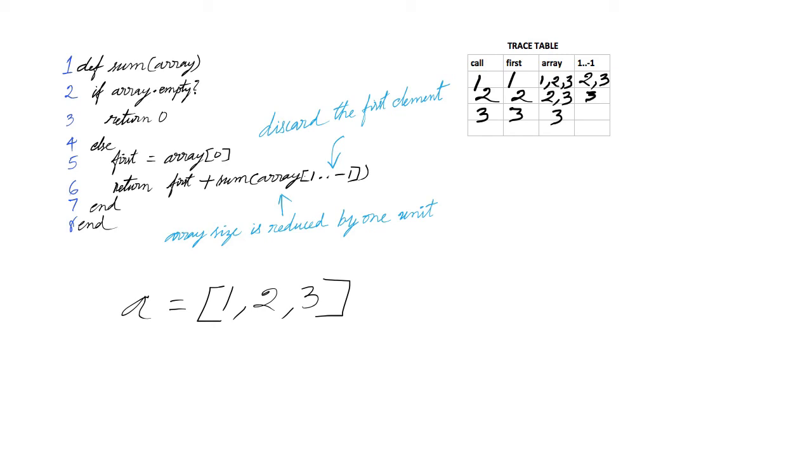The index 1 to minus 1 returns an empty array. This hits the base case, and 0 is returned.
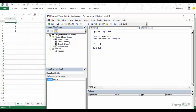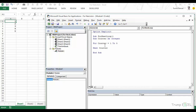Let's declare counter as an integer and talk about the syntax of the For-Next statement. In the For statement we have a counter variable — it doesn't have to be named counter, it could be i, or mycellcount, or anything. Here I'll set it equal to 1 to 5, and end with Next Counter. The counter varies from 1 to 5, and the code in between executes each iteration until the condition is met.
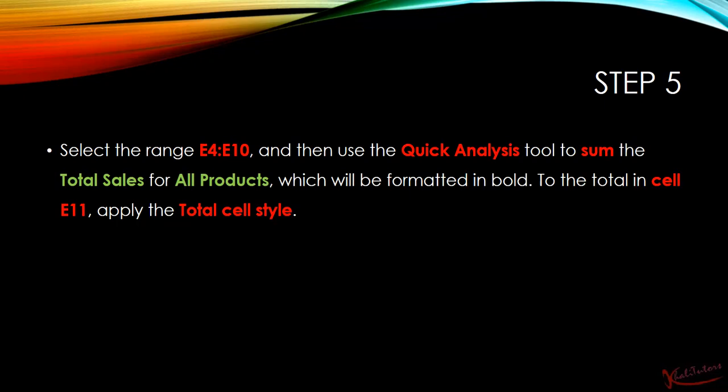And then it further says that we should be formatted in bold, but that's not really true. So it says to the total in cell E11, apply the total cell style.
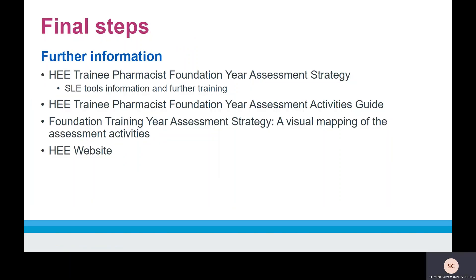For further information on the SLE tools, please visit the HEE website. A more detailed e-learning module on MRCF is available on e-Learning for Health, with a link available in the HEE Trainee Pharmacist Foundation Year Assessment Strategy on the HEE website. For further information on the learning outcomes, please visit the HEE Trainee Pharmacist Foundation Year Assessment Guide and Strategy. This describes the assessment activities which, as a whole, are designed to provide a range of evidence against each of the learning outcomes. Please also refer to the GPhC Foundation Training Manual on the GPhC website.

# # # # #

* Activity *
Repeat all the material above exactly, apart from the pictures.

* Answer for this exercise *
The index 1 to minus 1 returns an empty array. This hits the base case, and 0 is returned.
Let's declare counter as an integer and talk about the syntax of the For-Next statement. In the For statement we have a counter variable — it doesn't have to be named counter, it could be i, or mycellcount, or anything. Here I'll set it equal to 1 to 5, and end with Next Counter. The counter varies from 1 to 5, and the code in between executes each iteration until the condition is met.
And then it further says that we should be formatted in bold, but that's not really true. So it says to the total in cell E11, apply the total cell style.
For further information on the SLE tools, please visit the HEE website. A more detailed e-learning module on MRCF is available on e-Learning for Health, with a link available in the HEE Trainee Pharmacist Foundation Year Assessment Strategy on the HEE website. For further information on the learning outcomes, please visit the HEE Trainee Pharmacist Foundation Year Assessment Guide and Strategy. This describes the assessment activities which, as a whole, are designed to provide a range of evidence against each of the learning outcomes. Please also refer to the GPhC Foundation Training Manual on the GPhC website.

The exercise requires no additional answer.